Lankayan Island is a tiny dot, far from anything. Walking around it on the beach took me about 15 minutes, and I wasn’t hurrying. Privately owned by Pulau Sipadan Resort and Tours, the island holds nothing but the resort, staff quarters, a small army post and a turtle hatchery. Natural growth – a green jungle – fills the rest of the 2.5 hectares of land.

Part of Sugud Islands Marine Conservation Area, a 46,000-hectare expanse of ocean (178 square miles) that includes two other islands as well, Lankayan Island conforms to rigorous conservation guidelines in terms of water use, waste treatment and protection of wildlife. When we arrived, a staff member explained the rules to us immediately: no taking anything, not even empty shells; no touching corals; no fishing, etc.

Lankayan’s accommodations

Arrayed along the eastern beach are 26 bungalows (called “chalets” at Lankayan) of various sizes. Ours, number 20, was a two-person chalet with a bedroom and bathroom, including air conditioning and a ceiling fan. Large, high-ceilinged and airy, it was simple but well-appointed, with toiletries, towels, a safe, a hair dryer, a fridge, bottled water, a kettle and makings for tea or coffee. Rather disturbingly, we also had a supply of cockroach killer and mosquito coils. Fortunately, we never saw the need for either one.

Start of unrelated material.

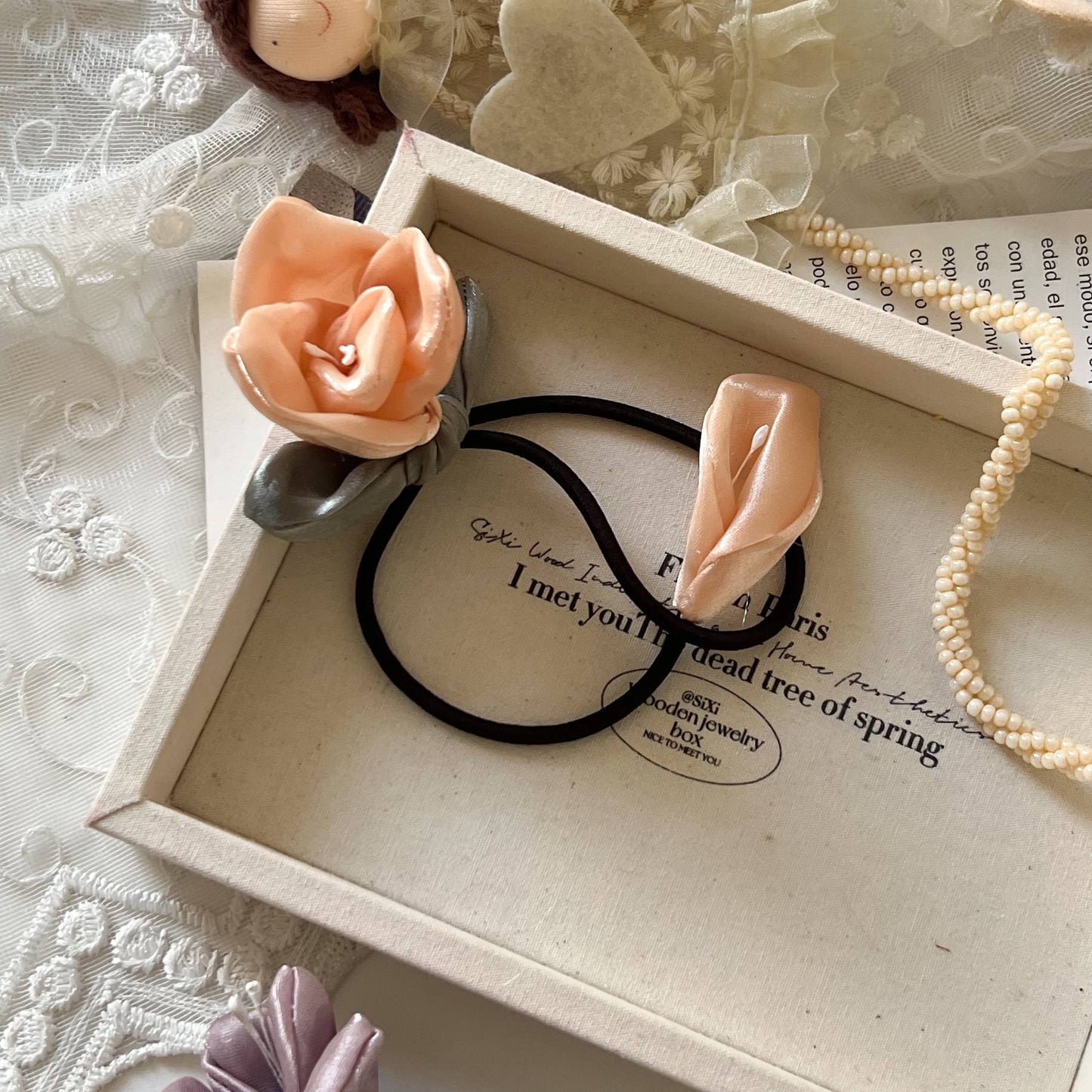 Bow tulip long hair clip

A large bed with pillows and a mosquito net.

The bathroom had a bathtub with a choice of a hand shower or a rain shower. The only thing lacking, in my view, was a door on the bathroom. Much as Albert and I have been married a long time, I prefer to use the bathroom in private.

The best part, though, was outside. We first approached the chalet from the boardwalk running behind the row of chalets, then walked along the side of the house and up a short stairway to the door. That’s when we saw “our” view.

The entrance to the building is on the ocean side, with a wide balcony overlooking the sea. The white-sand beach below was smooth; no one had walked on it, and it came complete with a palm tree bent picturesquely over the water’s edge. On the beach, in the shade of the balcony, two lounge chairs beckoned. It was perfect. The nearby “vinegar stand” was a little worrying, though. Apparently, it’s better to wash a jellyfish sting off with vinegar than with fresh water, so every two chalets share one of these. Fortunately, we never needed to use it.

A wooden house on stilts with a pointed roof and steps down to a white-sand beach. Palm trees next to the house.
“Our” chalet at Lankayan Island Dive Resort. You can see the vinegar stand on the little pole between the chalet and the palm tree.

The “street” behind the chalets is a boardwalk, lit at night. It’s a shady, green stroll. The staff quarters are nearby: “inland,” but not far away, and we could hear some uproarious games of volleyball and football going on in the early evenings. A generator hummed in the background, supplying electricity for the island. Other than that, the center of the island is just jungle: green and shady and cool.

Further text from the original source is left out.